The most successful form of intimidation, because it is the most economical for the party doing the intimidating, is preemptive intimidation. You get the party being intimidated to do all the heavy lifting. They supply whatever coercion is needed — often very little. They make the concessions, often without a murmur. Any threats or violence are mostly in the past. Every now and then a ritual show of power might erupt to keep memories fresh. But for the most part the really successful intimidator relies on his victims to provide the stick. They don’t call it a stick, though. They call it “prudence,” “being responsible,” “acting with sensitivity towards the feelings of others.”
Consider, to take one example, the action of Yale University Press (and the university itself) over The Cartoons that Shook the World, Jytte Klausen’s book about the Danish caricatures of Mohammed. As all the world knows, Yale insisted at the last moment that the book be stripped of any representations of that 7th-century religious figure — not just the cartoons that were published in September 2005 in a Danish newspaper but also various artistic representations of Islam’s main man. Yale’s stated reason for this extraordinary interference into the business of a scholarly press was fear: it was afraid of Muslim violence if they published the images. Why did they wait until the eve of the book’s publication to make this determination? I think it had a lot to do with money, but that’s not to say that a large dollop of politically correct, reflexive capitulation didn’t enter into the equation, too. Cowards can be cunning. They can calculate the odds even as they watch their backs.
But what about the Metropolitan Museum of Art? According to the New York Post, they have a bad case of “jihad jitters.” “The Metropolitan Museum of Art,” the Post reported yesterday, “quietly pulled images of the Prophet Mohammed from its Islamic collection and may not include them in a renovated exhibition area slated to open in 2011.” Why? “The museum said the controversial images — objected to by conservative Muslims who say their religion forbids images of their holy founder — were ‘under review.’ ”
“Controversial images”? You know what, I’ll bet there are some prudish types who object to the exhibition of naked women. What is the met going to do about that? Maybe atheists object to all those depictions of Jesus Christ and his mother. How is the Met going to deal with those “controversial images”?
There’s more. “Just recently,” the Post reported, the Met “decided its highly anticipated ‘Islamic Galleries’ will be given an awkward new name ahead of the 2011 opening. Visitors will stroll around rooms dedicated to art from “Arab Lands, Turkey, Iran, Central Asia and Later South Asia.”
Someone please call the office of Circumlocution! The Post quoted Kishwar Rizvi, an historian of Islamic Art at Yale, who interjected a bit of common sense into the discussion. “Museums shouldn’t shy away from showing [images of Muhammed] in a historical context,” she said, noting that it was “a shame” the Met dropped “Islamic Art” for a “cumbersome and problematic” rubric.

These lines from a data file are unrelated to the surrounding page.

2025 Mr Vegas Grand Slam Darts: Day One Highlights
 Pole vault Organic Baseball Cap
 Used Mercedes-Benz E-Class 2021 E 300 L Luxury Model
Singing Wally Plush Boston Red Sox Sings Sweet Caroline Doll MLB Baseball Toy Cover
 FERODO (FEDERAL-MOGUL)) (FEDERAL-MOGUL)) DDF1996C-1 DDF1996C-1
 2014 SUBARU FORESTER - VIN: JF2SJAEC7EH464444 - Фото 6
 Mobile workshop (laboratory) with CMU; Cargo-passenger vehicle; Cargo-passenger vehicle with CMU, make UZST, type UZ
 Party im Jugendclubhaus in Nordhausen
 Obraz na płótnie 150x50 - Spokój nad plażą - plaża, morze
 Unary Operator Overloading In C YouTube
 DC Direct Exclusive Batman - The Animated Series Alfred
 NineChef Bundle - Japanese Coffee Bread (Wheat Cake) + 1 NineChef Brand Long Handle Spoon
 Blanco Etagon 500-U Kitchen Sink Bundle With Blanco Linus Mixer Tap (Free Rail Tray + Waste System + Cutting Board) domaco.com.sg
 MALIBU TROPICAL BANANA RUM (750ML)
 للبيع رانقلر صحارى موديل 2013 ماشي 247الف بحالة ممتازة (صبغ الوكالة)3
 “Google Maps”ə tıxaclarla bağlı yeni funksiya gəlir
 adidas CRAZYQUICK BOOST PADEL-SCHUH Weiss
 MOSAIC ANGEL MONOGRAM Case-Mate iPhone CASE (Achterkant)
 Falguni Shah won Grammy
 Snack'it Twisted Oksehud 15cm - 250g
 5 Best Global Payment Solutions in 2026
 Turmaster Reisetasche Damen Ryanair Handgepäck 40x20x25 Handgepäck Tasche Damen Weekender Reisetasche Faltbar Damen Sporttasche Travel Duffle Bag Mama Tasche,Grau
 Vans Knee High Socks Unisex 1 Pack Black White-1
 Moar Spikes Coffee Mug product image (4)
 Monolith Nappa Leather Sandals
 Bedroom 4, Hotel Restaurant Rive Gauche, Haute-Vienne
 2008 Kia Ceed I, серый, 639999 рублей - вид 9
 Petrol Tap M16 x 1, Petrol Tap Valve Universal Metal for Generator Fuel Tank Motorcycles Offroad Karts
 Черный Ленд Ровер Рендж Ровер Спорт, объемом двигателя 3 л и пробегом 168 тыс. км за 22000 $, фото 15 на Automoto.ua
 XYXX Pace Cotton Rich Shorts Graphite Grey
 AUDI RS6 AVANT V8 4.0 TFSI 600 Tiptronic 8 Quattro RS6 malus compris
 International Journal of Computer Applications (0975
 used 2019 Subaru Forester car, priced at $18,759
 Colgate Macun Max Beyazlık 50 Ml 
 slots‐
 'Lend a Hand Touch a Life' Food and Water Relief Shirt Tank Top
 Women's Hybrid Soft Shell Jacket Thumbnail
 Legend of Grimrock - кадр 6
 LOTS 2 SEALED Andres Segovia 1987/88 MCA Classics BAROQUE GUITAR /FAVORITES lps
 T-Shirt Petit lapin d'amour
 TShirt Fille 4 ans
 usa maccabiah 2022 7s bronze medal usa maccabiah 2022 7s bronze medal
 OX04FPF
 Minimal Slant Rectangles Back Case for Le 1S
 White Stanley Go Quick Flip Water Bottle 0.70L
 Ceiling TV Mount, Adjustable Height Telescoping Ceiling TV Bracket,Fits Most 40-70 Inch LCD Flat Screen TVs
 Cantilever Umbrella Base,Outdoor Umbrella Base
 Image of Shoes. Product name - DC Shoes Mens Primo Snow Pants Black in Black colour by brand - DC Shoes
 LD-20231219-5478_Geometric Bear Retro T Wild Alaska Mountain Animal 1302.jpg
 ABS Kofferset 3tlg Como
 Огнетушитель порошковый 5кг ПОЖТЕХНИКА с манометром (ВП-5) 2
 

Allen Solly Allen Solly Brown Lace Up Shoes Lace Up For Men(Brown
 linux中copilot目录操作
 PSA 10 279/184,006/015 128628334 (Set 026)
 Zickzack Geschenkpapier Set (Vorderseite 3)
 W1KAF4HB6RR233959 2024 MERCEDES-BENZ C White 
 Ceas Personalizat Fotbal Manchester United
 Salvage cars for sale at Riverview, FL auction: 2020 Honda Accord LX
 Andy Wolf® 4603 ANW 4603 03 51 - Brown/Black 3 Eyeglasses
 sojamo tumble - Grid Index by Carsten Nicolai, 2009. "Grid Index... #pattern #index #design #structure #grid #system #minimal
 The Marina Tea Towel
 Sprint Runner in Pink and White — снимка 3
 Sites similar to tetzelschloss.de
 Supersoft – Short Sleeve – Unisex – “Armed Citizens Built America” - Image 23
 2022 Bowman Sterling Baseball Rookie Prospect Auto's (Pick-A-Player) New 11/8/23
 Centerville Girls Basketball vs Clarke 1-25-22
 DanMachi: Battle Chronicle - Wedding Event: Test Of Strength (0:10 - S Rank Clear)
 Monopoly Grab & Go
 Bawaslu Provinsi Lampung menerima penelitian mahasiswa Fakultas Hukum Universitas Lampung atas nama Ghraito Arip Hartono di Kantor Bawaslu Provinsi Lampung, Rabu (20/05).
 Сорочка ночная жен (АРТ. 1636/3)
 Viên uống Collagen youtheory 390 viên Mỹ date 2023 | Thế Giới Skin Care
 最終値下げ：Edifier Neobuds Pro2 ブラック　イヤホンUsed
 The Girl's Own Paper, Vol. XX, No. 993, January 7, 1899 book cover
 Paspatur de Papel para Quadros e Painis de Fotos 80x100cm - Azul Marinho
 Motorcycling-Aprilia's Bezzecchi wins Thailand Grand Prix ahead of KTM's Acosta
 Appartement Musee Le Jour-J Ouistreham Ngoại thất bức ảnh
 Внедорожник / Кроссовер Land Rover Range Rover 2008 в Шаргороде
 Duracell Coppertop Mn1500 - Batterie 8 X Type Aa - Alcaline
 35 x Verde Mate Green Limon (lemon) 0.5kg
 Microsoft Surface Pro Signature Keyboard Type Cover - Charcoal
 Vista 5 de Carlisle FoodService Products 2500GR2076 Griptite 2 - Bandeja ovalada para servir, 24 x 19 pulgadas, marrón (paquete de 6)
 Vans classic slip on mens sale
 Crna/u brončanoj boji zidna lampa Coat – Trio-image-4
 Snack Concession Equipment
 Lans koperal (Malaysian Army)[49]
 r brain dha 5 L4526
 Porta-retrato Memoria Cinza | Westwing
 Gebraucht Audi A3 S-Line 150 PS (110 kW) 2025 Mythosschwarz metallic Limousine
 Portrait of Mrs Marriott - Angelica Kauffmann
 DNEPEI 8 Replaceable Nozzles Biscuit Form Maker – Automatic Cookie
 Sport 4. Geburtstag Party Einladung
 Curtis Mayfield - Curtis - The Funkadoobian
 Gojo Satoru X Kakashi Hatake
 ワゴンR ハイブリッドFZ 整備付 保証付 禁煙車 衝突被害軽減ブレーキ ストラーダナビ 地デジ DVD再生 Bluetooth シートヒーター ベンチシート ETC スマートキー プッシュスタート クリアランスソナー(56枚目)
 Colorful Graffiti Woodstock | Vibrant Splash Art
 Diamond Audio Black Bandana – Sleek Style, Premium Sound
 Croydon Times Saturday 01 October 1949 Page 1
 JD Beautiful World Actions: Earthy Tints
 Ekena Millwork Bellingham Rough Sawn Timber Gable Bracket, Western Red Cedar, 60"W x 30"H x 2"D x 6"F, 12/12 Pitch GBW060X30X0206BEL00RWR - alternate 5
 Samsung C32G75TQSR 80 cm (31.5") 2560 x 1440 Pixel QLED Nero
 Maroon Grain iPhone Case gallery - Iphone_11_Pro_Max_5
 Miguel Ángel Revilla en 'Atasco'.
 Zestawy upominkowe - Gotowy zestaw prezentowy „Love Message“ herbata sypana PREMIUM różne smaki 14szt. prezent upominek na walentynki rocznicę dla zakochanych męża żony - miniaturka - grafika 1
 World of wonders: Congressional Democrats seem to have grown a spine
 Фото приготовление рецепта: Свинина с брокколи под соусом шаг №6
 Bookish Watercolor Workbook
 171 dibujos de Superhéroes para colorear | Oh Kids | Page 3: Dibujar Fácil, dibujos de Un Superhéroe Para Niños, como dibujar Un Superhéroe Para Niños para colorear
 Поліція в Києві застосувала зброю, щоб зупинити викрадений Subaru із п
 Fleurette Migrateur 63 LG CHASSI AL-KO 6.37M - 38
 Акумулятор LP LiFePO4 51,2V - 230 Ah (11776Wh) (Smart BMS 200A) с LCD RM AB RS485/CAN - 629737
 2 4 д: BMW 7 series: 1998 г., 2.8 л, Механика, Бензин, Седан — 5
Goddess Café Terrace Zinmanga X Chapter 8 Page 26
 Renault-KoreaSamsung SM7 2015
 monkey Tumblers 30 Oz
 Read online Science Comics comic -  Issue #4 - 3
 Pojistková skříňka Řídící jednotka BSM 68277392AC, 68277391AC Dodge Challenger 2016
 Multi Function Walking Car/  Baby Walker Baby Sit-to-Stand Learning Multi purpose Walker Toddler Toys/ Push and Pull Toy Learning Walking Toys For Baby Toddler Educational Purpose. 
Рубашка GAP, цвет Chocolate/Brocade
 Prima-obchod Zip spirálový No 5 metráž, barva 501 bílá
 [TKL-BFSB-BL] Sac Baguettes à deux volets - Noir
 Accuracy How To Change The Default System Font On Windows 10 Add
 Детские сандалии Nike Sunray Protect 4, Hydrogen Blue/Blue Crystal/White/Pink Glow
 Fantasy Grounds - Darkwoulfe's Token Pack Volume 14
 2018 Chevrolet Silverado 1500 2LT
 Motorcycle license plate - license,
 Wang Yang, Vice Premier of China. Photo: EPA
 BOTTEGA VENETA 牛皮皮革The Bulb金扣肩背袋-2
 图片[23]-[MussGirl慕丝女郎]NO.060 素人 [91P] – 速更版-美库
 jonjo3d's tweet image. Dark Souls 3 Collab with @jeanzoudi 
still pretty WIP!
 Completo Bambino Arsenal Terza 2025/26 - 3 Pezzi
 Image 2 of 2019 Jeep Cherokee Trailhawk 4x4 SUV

As Diana West noted on her blog, to speak of “avoiding controversy” in this context is “9/10 talk.” It is, she said, “capitulating to Islamic blackmail.” Yes, but the really scary thing is that the blackmail was performed without the threatening letter or malicious innuendo. There were no offers that the Met “couldn’t refuse.” They supplied the entire cycle: the intimidation a well as the capitulation. If this is blackmail, the Met is the culprit as well as the victim.
We will, I predict, be seeing more and more of these disgusting rituals of surrender. Welcome to the age of Dhimmitude.
[UPDATE: I apologize for describing Kishwar Rizvi as “he” not “she” in my original post: thanks to a reader for pointing out my mistake.]